In de rij van Oranje-Stadhouders verbleef prins Maurits (1567-1625) lang in de schaduw. Hij bouwde geen vorstelijke paleizen, hij had geen grote schilderijenverzameling, zijn belangstelling voor muziek beperkte zich tot de doffe klank van de oorlogstrom en wat literatuur betreft las hij het liefst beschrijvingen van veldtochten uit de Oudheid. Bovendien is Maurits van de hele regerende Oranje-dynastie de enige vrijgezel. Was deze prins dan een saaie man?

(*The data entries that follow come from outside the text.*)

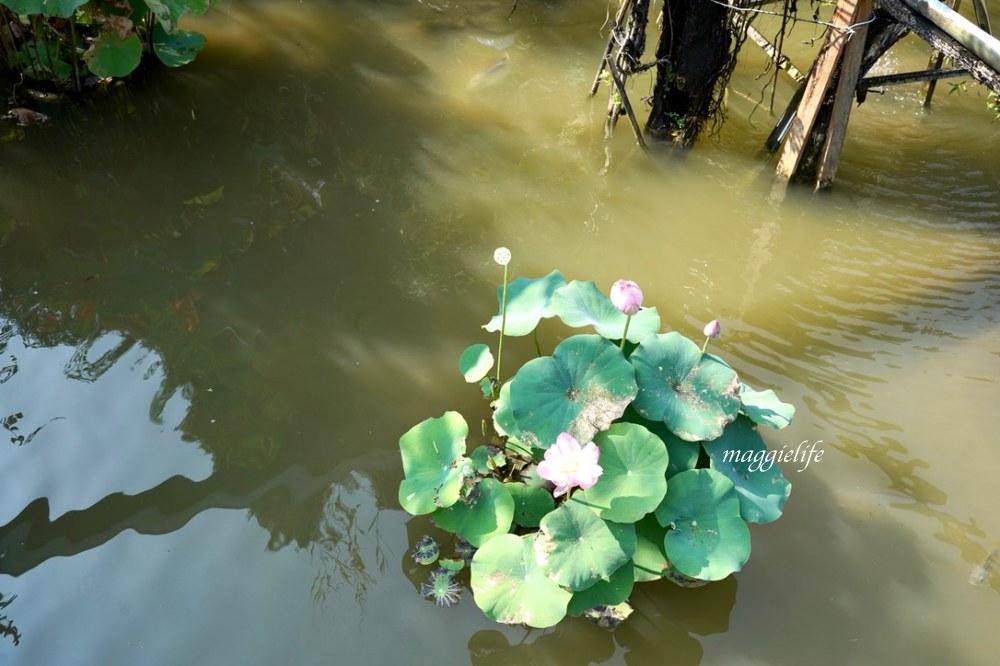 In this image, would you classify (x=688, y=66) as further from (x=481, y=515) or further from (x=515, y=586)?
(x=515, y=586)

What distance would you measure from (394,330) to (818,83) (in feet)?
8.22

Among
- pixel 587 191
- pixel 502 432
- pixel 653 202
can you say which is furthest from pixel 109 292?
pixel 653 202

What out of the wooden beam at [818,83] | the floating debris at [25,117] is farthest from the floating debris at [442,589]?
the floating debris at [25,117]

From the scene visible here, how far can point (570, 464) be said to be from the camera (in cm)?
223

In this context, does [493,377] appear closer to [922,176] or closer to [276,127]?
[276,127]

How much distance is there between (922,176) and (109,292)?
14.4 feet

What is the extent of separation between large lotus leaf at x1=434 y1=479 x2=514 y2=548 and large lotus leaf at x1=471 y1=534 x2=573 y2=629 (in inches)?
2.8

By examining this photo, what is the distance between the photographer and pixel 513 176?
4281 mm

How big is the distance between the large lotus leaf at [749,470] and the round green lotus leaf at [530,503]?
544 mm

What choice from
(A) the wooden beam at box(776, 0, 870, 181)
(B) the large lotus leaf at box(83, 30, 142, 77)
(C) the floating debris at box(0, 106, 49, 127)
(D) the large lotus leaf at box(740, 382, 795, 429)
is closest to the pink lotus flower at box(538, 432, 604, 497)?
(D) the large lotus leaf at box(740, 382, 795, 429)

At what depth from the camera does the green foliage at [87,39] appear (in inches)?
172

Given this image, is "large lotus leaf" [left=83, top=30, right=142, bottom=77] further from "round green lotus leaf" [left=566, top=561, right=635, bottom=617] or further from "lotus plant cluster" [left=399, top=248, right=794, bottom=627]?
"round green lotus leaf" [left=566, top=561, right=635, bottom=617]

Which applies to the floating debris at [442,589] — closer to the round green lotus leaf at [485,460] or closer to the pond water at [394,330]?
the pond water at [394,330]

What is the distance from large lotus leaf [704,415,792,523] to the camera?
2393 millimetres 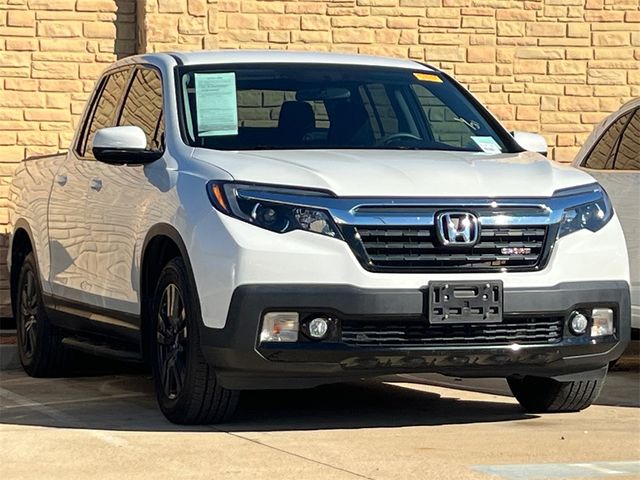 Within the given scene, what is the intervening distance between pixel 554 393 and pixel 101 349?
2.43 metres

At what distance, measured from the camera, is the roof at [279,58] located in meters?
9.12

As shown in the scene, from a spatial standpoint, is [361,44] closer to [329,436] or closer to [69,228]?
[69,228]

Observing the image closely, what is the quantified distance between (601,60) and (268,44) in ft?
9.33

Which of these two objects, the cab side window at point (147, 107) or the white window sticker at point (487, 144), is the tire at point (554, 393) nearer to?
the white window sticker at point (487, 144)

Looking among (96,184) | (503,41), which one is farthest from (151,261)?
(503,41)

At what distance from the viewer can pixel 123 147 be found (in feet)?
27.8

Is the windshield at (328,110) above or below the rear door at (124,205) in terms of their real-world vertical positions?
above

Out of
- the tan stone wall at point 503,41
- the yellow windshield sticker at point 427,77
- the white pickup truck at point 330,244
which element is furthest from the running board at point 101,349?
the tan stone wall at point 503,41

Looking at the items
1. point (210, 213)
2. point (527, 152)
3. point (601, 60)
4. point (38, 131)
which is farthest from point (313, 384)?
point (601, 60)

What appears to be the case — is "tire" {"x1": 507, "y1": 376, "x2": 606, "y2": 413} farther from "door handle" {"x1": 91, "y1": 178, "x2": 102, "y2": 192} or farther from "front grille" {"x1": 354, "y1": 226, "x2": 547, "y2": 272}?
"door handle" {"x1": 91, "y1": 178, "x2": 102, "y2": 192}

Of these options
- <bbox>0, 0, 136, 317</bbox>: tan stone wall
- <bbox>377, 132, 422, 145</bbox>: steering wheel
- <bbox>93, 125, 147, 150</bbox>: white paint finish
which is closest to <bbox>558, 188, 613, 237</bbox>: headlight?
<bbox>377, 132, 422, 145</bbox>: steering wheel

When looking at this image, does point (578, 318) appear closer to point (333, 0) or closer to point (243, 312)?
point (243, 312)

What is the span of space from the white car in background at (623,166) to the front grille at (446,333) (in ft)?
6.53

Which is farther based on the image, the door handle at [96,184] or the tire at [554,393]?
the door handle at [96,184] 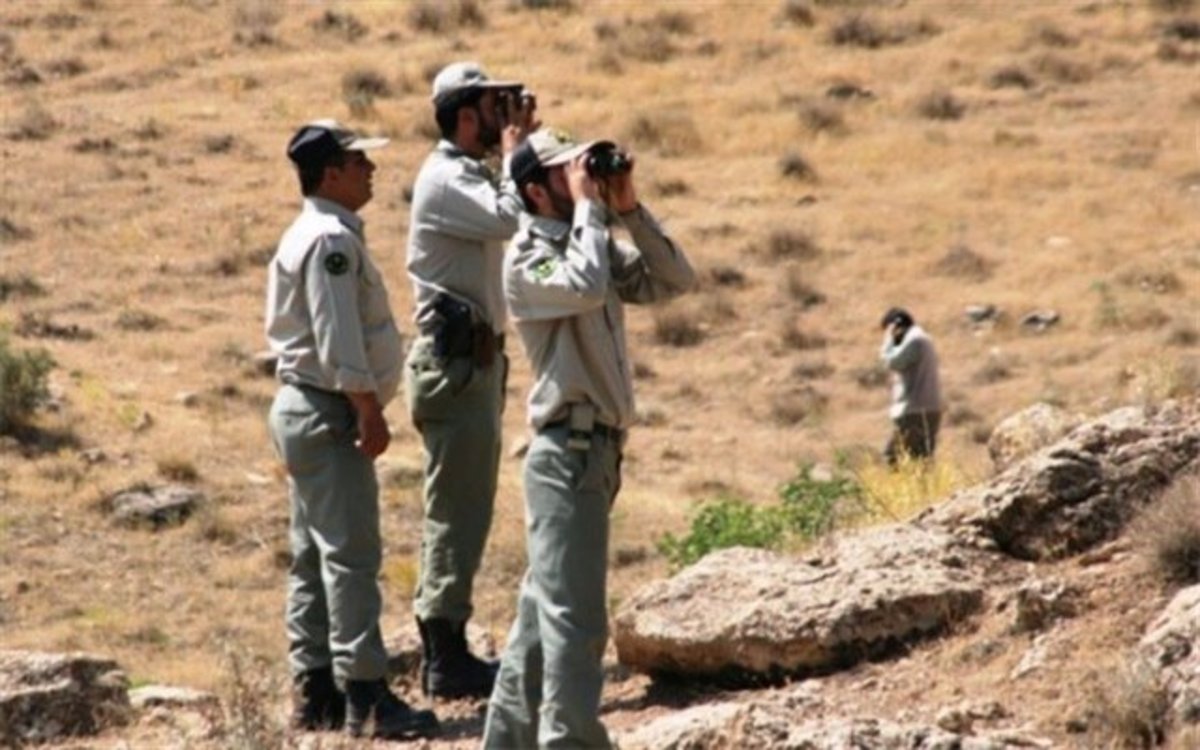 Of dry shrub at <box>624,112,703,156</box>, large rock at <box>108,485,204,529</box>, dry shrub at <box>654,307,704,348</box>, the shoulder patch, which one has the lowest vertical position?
dry shrub at <box>654,307,704,348</box>

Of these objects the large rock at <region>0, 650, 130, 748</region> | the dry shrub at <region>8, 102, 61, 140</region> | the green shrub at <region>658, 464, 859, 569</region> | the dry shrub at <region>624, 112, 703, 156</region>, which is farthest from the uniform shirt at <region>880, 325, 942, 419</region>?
the dry shrub at <region>8, 102, 61, 140</region>

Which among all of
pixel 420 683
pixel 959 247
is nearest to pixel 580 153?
pixel 420 683

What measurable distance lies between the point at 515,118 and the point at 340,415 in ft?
3.31

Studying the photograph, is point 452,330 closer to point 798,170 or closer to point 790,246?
point 790,246

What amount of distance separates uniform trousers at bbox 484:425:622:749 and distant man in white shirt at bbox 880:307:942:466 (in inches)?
500

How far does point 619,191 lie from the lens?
6.70 metres

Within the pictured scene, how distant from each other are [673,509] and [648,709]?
12.2 meters

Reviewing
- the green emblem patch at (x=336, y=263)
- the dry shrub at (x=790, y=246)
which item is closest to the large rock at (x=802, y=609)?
the green emblem patch at (x=336, y=263)

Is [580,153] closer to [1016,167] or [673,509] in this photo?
[673,509]

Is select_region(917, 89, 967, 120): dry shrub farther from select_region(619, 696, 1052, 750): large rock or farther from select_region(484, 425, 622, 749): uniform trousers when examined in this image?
select_region(484, 425, 622, 749): uniform trousers

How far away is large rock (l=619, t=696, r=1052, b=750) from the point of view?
666 cm

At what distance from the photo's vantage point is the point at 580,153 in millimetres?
6664

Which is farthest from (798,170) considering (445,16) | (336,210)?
(336,210)

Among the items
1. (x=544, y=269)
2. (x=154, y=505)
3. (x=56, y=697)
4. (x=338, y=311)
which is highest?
(x=544, y=269) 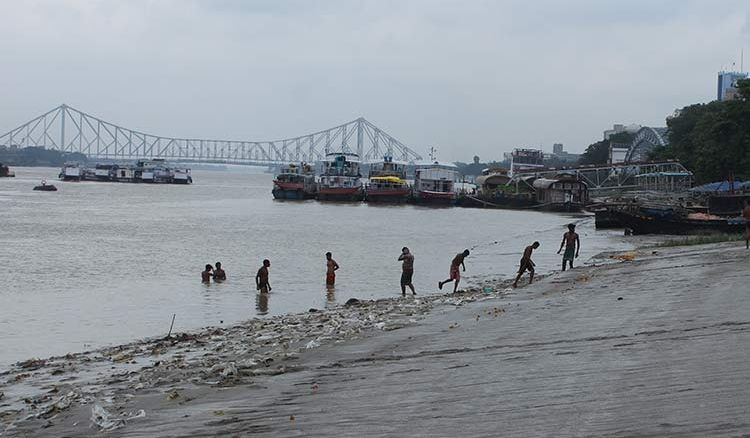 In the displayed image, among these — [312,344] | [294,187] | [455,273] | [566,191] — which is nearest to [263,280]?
[455,273]

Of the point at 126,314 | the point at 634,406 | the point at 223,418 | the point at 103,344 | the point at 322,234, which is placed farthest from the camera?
the point at 322,234

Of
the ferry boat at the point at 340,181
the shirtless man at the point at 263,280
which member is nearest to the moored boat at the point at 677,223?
the shirtless man at the point at 263,280

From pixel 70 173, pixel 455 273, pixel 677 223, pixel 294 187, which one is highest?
pixel 70 173

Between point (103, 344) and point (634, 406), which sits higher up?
point (634, 406)

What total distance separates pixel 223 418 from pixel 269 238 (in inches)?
1454

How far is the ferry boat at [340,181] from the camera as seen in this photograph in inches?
3679

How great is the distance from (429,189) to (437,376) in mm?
80633

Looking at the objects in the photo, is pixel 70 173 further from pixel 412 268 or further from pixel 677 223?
pixel 412 268

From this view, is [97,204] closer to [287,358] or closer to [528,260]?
[528,260]

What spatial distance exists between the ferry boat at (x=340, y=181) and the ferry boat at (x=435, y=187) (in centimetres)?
698

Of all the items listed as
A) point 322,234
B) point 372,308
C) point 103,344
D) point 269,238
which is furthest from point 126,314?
point 322,234

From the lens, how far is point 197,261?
3212cm

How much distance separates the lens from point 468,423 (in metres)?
6.97

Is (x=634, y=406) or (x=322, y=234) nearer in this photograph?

De grote jubileum tentoonstelling van het 200 jaar oude Rijksmuseum in Amsterdam rekent voorgoed met dit versleten idee af.

'Maurits prins van Oranje' (van 1 december 2000 tot 18 maart 2001) is de eerste grote tentoonstelling die ooit aan hem werd gewijd. Onder de 250 objecten die in de zalen van de zuidvleugel bijeen zijn gebracht is één schilderij waarin de afkomst, persoonlijkheid en groei van de prins samenvallen. Het is een gevoelig portret van de nog maar twaalf jaar oude Maurits, dat in opdracht van zijn vader Willem van Oranje in 1578 in Antwerpen door een anoniem kunstenaar werd geschilderd. De prins van Oranje had zijn zoon zes jaar niet gezien. Hij moest hem in 1572 op de Duitse Dillenburg achterlaten toen hij naar het geteisterde Holland trok om daar - zoals hij zelf voorspelde - zijn graf te vinden. Maurits had ook zijn moeder prinses Anna van Saksen niet meer gezien sinds ze was opgesloten wegens overspel met de Antwerpse advocaat Jan Rubens (vader van de Vlaamse schilder Peter Paul Rubens) en een buitenechtelijk kind ter wereld bracht. Deze dochter van de befaamde veldheer Maurits van Saksen - naar wie zijn kleinzoon was vernoemd - stierf in staat van krankzinnigheid in 1577.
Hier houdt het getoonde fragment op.